The number of hidden nodes is based on a relationship between:

  • Number of input and output nodes
  • Amount of training data available
  • Complexity of the function that is trying to be learned
  • The training algorithm

To minimize the error and have a trained network that generalizes well, you need to pick an optimal number of hidden layers, as well as nodes in each hidden layer.

  • Too few nodes will lead to high error for your system as the predictive factors might be too complex for a small number of nodes to capture

  • Too many nodes will overfit to your training data and not generalize well

You could find some general advices on this page:

Section - How many hidden units should I use?

If your data is linearly separable then you don't need any hidden layers at all. Otherwise there is a consensus on the performance difference from adding additional hidden layers: the situations in which performance improves with a second (or third, etc.) hidden layer are very small.

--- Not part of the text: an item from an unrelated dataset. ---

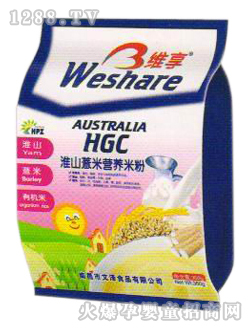 �S����ɽ޲�נI�B(y��ng)�׷�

Therefore, one hidden layer is sufficient for the large majority of problems.

There are some empirically-derived rules-of-thumb, of these, the most commonly relied on is 'the optimal size of the hidden layer is usually between the size of the input and size of the output layers'.

In sum, for most problems, one could probably get decent performance by setting the hidden layer configuration using just two rules:

  • The number of hidden layers equals one
  • The number of neurons in that layer is the mean of the neurons in the input and output layers.

Layers

As Yoshua Bengio, Head of Montreal Institute for Learning Algorithms remarks:

"Very simple. Just keep adding layers until the test error does not improve anymore."

A method recommended by Geoff Hinton is to add layers until you start to overfit your training set. Then you add dropout or another regularization method.

Nodes

For your task:

  • Input layer should contain 387 nodes for each of the features.
  • Output layer should contain 3 nodes for each class.
  • Hidden layers I find gradually decreasing the number with neurons within each layer works quite well (this list of tips and tricks agrees with this when creating autoencoders for compression tasks). Perhaps try 200 in first hidden layer and 100 in the second; again it's a hyper-parameter to be optimised and is very dependent on dataset size.